The hair on my neck stood tall. A hot flush spread over my face. I clenched my fists, combating the urge to strangle her. All the hateful words she’d spat at Renée, degrading her for simply needing the love of her banished father. It blackened me inside, turned my mind toward murder.

“I’d be happy as a pig in horse shit to get out of the private eye game,” I said through gritted teeth. “Only, I need the money, because you keep stomping on every sale I get close to. I’m actively looking for ways to avoid helping anyone else with anything.” The phrase stung, like putting a favorite pet down for biting a trespasser.

She snorted. “Maybe you’ll turn out like your father after all.” With a yank, she thunked the car into gear. “Talk to Renée and you’ll do what you always do, drop your wrench, your wife, your kids, and charge in on the white steed. Noble savior. Don’t do it. Sure as shooting you’ll be up to your knightly neck in someone else’s nightmare.” 

Every muscle in my gut clamped down, holding back the enraged riposte.

“It don’t matter a nickel how much money she offers you, neither,” she tossed at the end of it. “That girl ain’t got collateral to charge a cup of coffee.” The tires scratched a spray of pebbles getting that Chrysler rolling, knocking me off balance in the process.

I kicked a loose stone and watched it miss Mother’s bumper and ping off the ABS hubcap of a ninety-eight Camry.

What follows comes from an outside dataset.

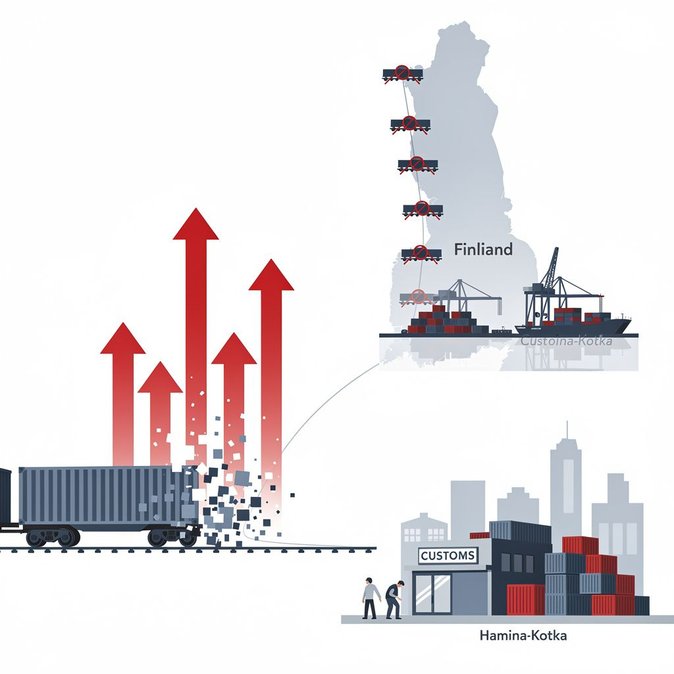 Russian rail-border shutdown hits Finnish customs jobs and freight flows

“For the love of Mother Lucy,” I shouted at the cloud of vapor she left behind. 

My head shook like a dog just up from the river, trying to clear my mind and emotions. If I let Mother cloud my judgment, I’d be sure to make a regrettable decision. I needed to think this through. And fast. That little girl was losing time. And I had no idea what to say to my wife to make the trip okay.